Return nothing but the lines from the one with "Toy pink bear on green background." through the one with "baby changing table in blue and white room" in the data below, word for word and without pictures.

GIVEN DATA:
= = = = = = =

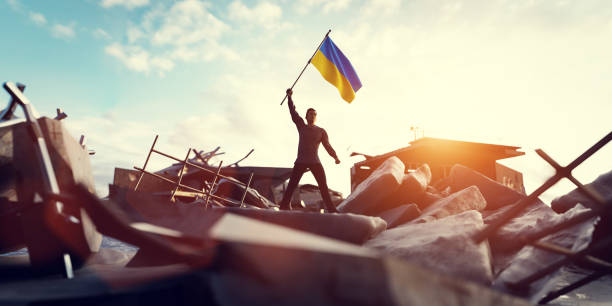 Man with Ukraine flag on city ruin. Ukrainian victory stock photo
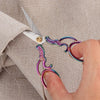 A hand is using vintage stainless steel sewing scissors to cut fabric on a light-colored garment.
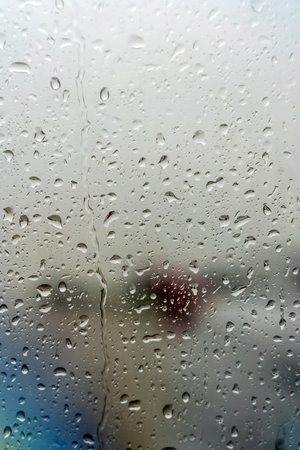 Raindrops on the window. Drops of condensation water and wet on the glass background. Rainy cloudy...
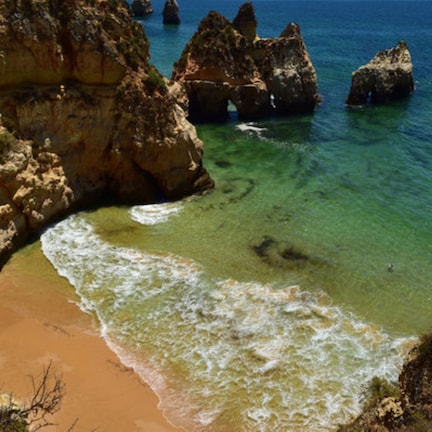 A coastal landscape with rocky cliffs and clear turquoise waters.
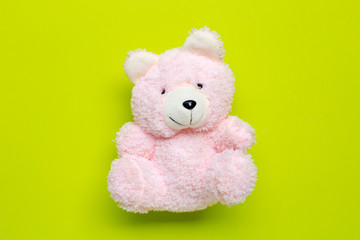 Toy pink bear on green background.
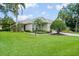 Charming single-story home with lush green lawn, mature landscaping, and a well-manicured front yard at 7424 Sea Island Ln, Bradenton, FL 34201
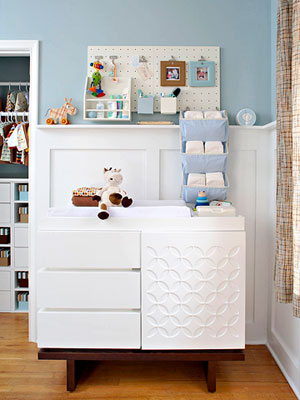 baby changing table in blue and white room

= = = = = = =

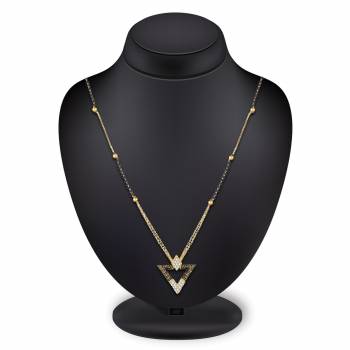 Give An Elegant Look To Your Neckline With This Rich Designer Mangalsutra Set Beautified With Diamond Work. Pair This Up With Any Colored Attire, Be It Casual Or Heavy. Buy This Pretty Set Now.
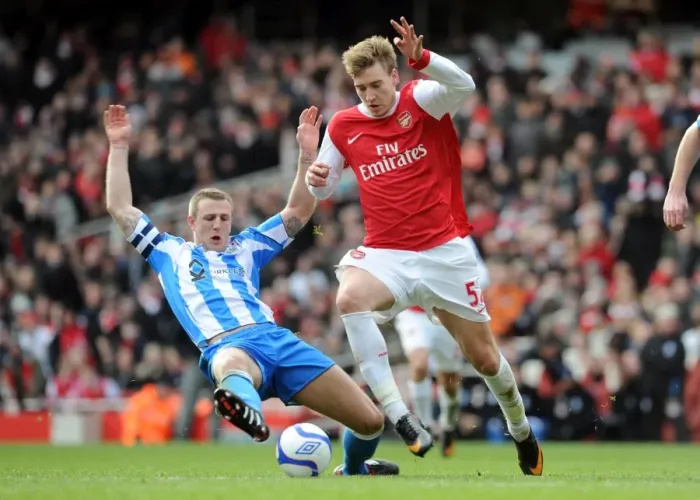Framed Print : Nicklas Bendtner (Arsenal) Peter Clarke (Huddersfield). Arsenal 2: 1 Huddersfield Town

= = = = = = =

EXPECTED OUTPUT:
 Toy pink bear on green background.
 Charming single-story home with lush green lawn, mature landscaping, and a well-manicured front yard at 7424 Sea Island Ln, Bradenton, FL 34201
 baby changing table in blue and white room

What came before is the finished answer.